◆ EXERCISE AIM ◆
Would you please return the lines of the entries below starting at the line that has "Chateau Lumière Antique" and ending at the line that has "Simpan 10% pada", both included, exactly as they are?

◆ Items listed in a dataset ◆
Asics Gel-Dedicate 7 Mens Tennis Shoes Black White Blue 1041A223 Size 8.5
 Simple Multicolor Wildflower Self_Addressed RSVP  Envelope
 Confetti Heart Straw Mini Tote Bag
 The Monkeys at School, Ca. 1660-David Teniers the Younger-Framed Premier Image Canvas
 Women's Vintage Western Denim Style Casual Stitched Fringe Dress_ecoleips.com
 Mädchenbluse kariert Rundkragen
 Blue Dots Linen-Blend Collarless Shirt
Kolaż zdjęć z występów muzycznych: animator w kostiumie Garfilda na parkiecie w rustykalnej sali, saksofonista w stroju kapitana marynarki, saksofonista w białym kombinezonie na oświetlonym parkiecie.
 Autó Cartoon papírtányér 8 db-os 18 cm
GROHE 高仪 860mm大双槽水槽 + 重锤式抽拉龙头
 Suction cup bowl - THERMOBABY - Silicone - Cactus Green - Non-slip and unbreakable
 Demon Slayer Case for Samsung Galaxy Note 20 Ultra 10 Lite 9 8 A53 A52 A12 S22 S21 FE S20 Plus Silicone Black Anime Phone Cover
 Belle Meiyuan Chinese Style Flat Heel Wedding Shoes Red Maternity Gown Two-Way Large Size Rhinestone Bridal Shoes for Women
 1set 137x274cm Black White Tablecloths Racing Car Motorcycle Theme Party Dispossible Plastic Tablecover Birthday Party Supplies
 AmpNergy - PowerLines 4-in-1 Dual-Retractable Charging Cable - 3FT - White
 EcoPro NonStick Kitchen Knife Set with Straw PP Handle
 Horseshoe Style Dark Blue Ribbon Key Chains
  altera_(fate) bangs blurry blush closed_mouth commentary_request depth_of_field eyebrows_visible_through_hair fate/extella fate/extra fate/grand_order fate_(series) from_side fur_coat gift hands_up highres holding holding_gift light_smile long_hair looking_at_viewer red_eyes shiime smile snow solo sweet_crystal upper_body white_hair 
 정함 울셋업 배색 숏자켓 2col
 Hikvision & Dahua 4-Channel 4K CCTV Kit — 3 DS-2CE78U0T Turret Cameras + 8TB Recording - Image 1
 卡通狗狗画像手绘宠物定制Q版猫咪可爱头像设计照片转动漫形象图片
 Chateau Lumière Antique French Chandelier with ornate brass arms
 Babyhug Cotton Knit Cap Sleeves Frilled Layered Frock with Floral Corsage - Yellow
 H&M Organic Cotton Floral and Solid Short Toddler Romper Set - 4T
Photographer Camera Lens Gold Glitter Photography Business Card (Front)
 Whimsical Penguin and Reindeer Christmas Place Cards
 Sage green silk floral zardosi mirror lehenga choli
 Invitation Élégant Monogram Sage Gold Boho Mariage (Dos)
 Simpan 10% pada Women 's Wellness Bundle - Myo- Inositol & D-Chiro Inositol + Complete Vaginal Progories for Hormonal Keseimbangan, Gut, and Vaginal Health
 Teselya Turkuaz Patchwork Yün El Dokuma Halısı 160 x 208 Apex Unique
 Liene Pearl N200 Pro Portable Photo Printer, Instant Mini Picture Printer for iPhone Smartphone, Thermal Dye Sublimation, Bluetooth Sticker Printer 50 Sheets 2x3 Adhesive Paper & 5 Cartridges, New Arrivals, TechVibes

◆ OUTPUT OF THE EXERCISE ◆
 Chateau Lumière Antique French Chandelier with ornate brass arms
 Babyhug Cotton Knit Cap Sleeves Frilled Layered Frock with Floral Corsage - Yellow
 H&M Organic Cotton Floral and Solid Short Toddler Romper Set - 4T
Photographer Camera Lens Gold Glitter Photography Business Card (Front)
 Whimsical Penguin and Reindeer Christmas Place Cards
 Sage green silk floral zardosi mirror lehenga choli
 Invitation Élégant Monogram Sage Gold Boho Mariage (Dos)
 Simpan 10% pada Women 's Wellness Bundle - Myo- Inositol & D-Chiro Inositol + Complete Vaginal Progories for Hormonal Keseimbangan, Gut, and Vaginal Health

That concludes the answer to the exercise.